• WORK TO BE COMPLETED:
Every line from the one with "Danish Estates Tom Eltang Smooth Horn" up to and including the one with "New 2026 GMC" is to be output exactly as it appears below; pictures are not.

• DATA:
Content starts

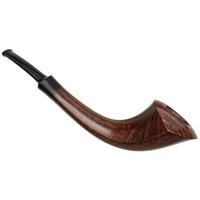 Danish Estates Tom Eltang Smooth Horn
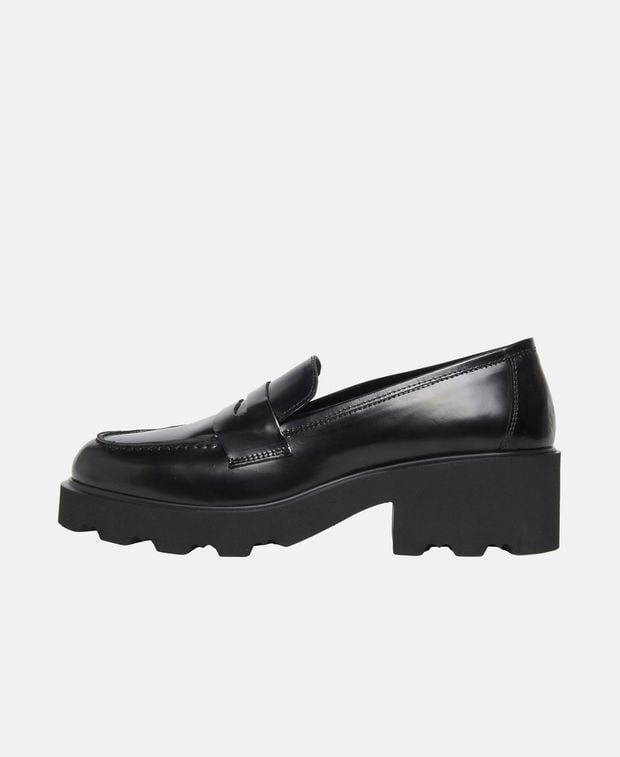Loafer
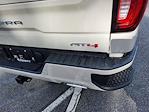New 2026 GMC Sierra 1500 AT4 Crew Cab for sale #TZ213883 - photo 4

Content ends
Content starts

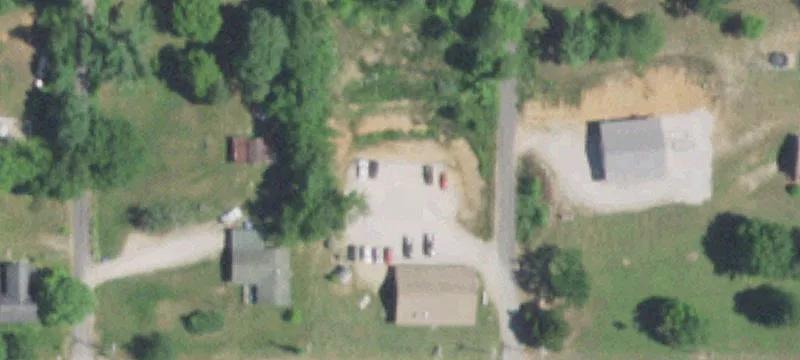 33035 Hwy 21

Content ends
Content starts

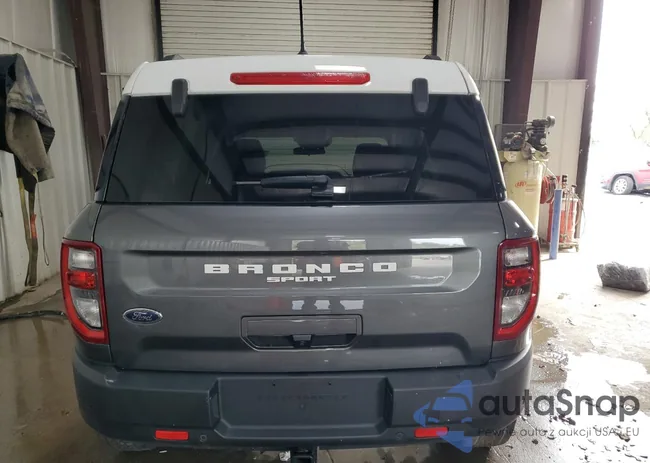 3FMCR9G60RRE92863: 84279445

Content ends

• TASK RESPONSE:
 Danish Estates Tom Eltang Smooth Horn
Loafer
New 2026 GMC Sierra 1500 AT4 Crew Cab for sale #TZ213883 - photo 4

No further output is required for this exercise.